Aaron Henry (1922 - 1997)
"From the very beginning,” Aaron Henry commented, “I had been an 'uppity' [so-and-so]” in the minds of Mississippi whites.[1] But, “until 1962, most of the harassment and intimidation of me and my family had been . . . anonymous telephone calls and occasional verbal abuses on the streets.”[2]
Known affectionately as “Doc,” Henry was the son of sharecroppers. When he was growing up, he and his birth family labored in cotton fields.[3] (“As far back as I can remember, I have detested everything about growing cotton,” he subsequently remarked.[4]) After WWII, the US Army veteran trained as a pharmacist and opened his Clarksdale 4th St.
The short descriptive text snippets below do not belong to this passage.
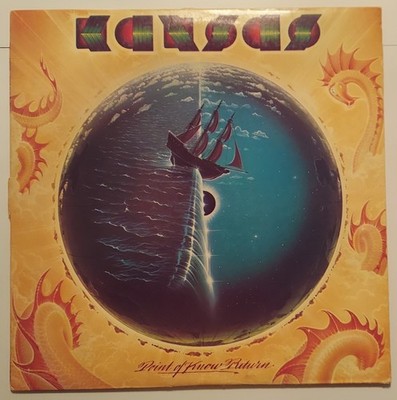 Kansas - Point of Know Return Vinyl LP Record 1977 CBS Records  E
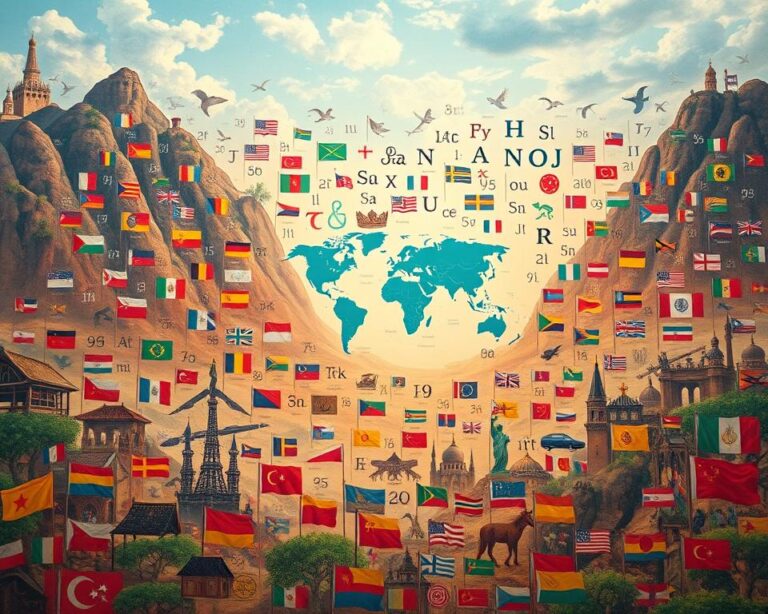 vocabulário essencial em idiomas menos comuns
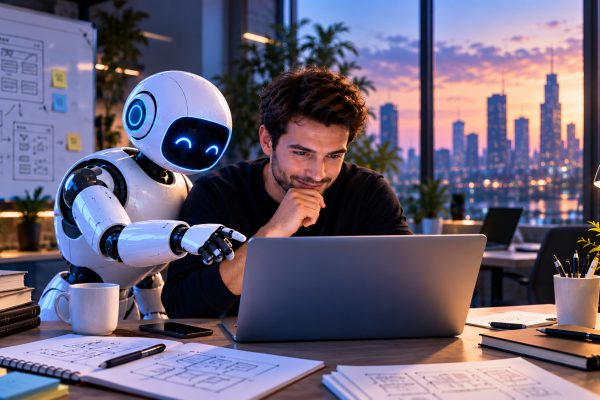 How Is AI Transforming MVP Development for Startups 600x400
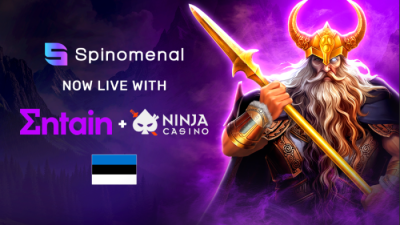 Spinomenal, Entain NCE와 에스토니아 콘텐츠 공급 계약 체결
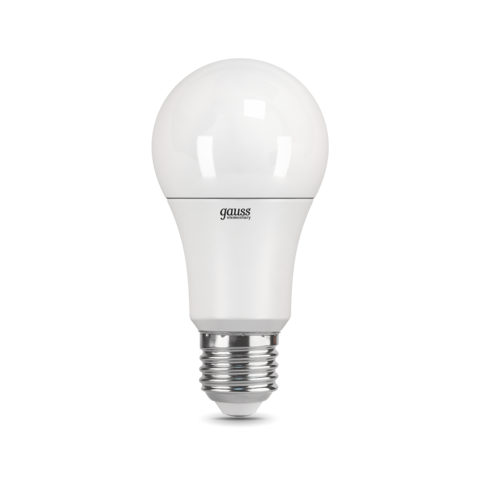 Лампа светодиодная LED 12 Вт 1150 лм 4100К А60 груша нейтральный E27 AC 220В Elementary 23222 GAUSS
Drug Store. It became “the hub,” he remembered, “for political and civil rights planning.”[5] In 1959, he was elected president of the Mississippi chapter of the National Association for the Advancement of Colored People. Also, during that time period, as a member of the Southern Christian Leadership Conference, he collaborated with Martin Luther King, Jr. After his pal Medgar Evers, the NAACP's field secretary in Mississippi, was gunned down in Jackson in '63, Henry became the state's lead vocalist and action figure for equality.[6]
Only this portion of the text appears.